A JUDGE has delayed sentencing the director of a construction company for a serious assault to avoid putting at risk the jobs of more than 20 people just before Christmas.

Benjamin Haines (32), of Northfield Road, Milford, was warned by Judge Robert Pawson at Bournemouth Crown Court that he should get his “affairs in order” before he is punished in the New Year.

Haines and co-defendant Ryan Hood (32), of Deneside Copse, Pennington, appeared at court on Tuesday morning to stand trial over a kidnap charge.

It had been alleged the pair jointly by force or fraud took Callum Woolgar against his will on 9th February 2018.

Both denied the charge but discussions took place between their barristers and the prosecutor counsel just before the trial started and a plea bargain was struck.

Haines and Hood then went into the dock and pleaded guilty to one count of jointly inflicting grievous bodily harm on Mr Woolgar.

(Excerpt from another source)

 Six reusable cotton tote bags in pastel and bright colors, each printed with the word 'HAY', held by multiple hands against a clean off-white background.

Judge Pawson indicated he was contemplating sentencing the pair immediately, but Haines’ barrister Berenice Mulvanny successfully applied for a delay.

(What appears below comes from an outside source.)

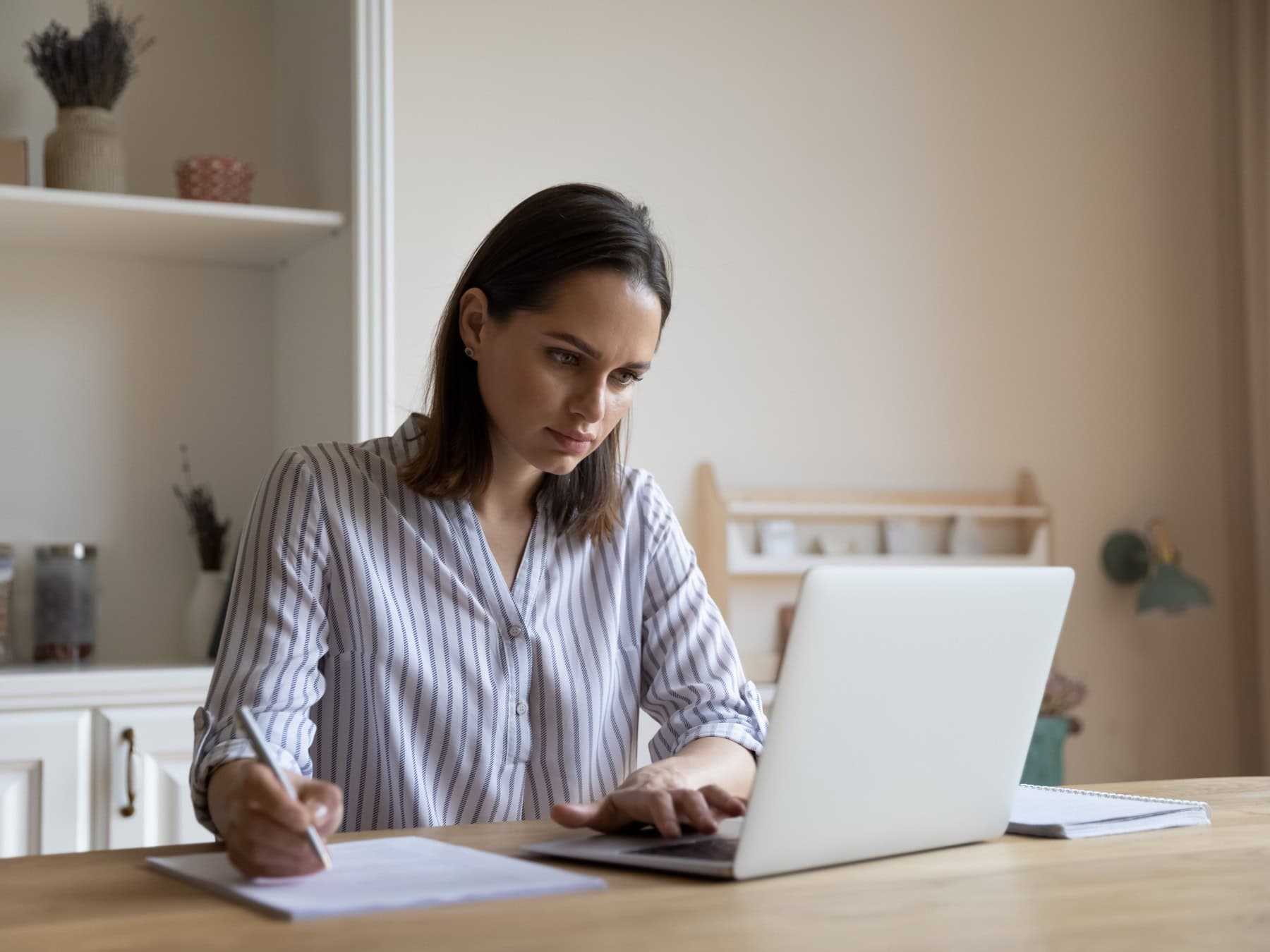 A woman works on her computer to prepare for the credential application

She said father-of-one Haines was the director of a construction company that employed 26 people. He had not anticipated a plea deal be struck that could lead to him being immediately sentenced, and were he to be sent down, they could all lose their jobs, she continued.

Having heard that, Judge Pawson responded: “I will put the matter back for him [Haines] to get his affairs in order.”

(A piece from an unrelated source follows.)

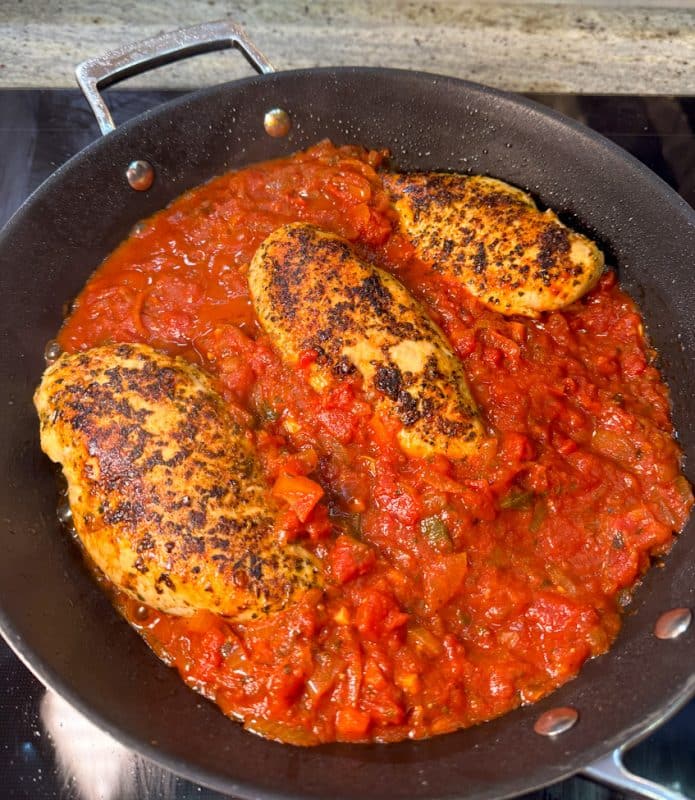 Hähnchenbrustfilets in Pfanne, umgeben von selbstgemachter Tomatensauce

Judge Pawson said it was a “serious offence in any view” the pair had admitted to committing and “all options”, including custody remained open.

He bailed both men on condition they live and sleep at their respective homes to return to the court for sentence on 17th January.

“On the face of it, custody is appropriate,” Judge Pawson added. “That is something the sentencing judge will have to look at in due course.”